North and South Dakota may be better associated with blustery temps and the big, empty prairies of Laura Ingalls Wilder than, say, appealing vacation spots. But au contraire: pockets of the Midwest are reverting to their natural state with a new emphasis on land conservation, eco-tourism, and recreational ranches. Much of these efforts are focused on, of all things, bison, a species once nearly extinct that now boasts herds half a million strong in North America. And who doesn’t secretly long to roam free with the buffalo?

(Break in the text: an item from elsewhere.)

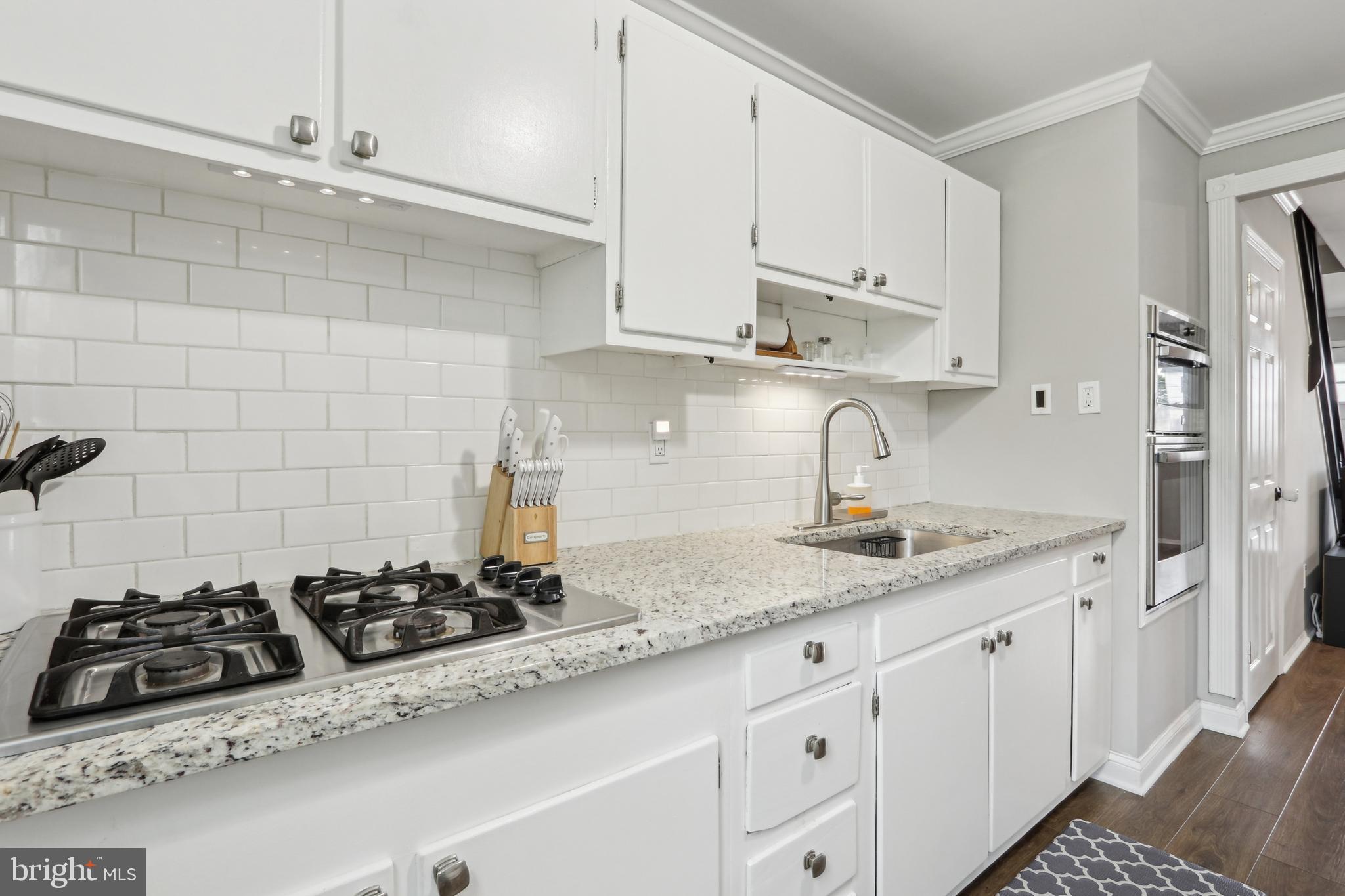 3207 Fairdale Road Philadelphia, PA 19154 - Photo 8 of 49 a kitchen with stainless steel appliances a sink a stove and cabinets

According to USA Today, “The private sector, state and local governments and non-profit groups are pouring money into preserving land and returning it to wildlife. Small towns are still dying, but economic enterprises are emerging from this environmental effort—from bison and dried-fruit snacks produced by Native Americans in South Dakota to Lewis and Clark Trail motorcoach tours in Nebraska.”
New Jersey sociologists Frank and Deborah Popper first introduced the concept known as the Buffalo Commons back in 1987, arguing that the best use for the Great Plains was in its pristine condition and supporting federal buyouts of private property to create a nature preserve for free-roaming bison. The agricultural community protested the idea with so much vigor that the Poppers—and their vision—eventually retreated into the tall grass.
Even so, Buffalo Commons has emerged with a little help from the Great Plains Restoration Council as well as CNN founder Ted Turner, who owns 2 million acres of land and 15 ranches in seven states. Turner’s properties are used for bison ranching, commercial fishing and hunting, limited and sustainable timber harvesting, and biodiversity conservation. Plus, he started Ted’s Montana Grill, a restaurant chain in 18 states, featuring naturally-raised bison meat and all-American comfort foods, that aims to straddle the line between ecologically sensitive and commercially sustainable.
Kudos to Great Plains dwellers for finding a creative remedy to their dwindling populations with economic—and more important to us, environmental—benefits. IT’s pioneer within can hardly wait to feast its eyes on the ever-expanding herds of buffalo.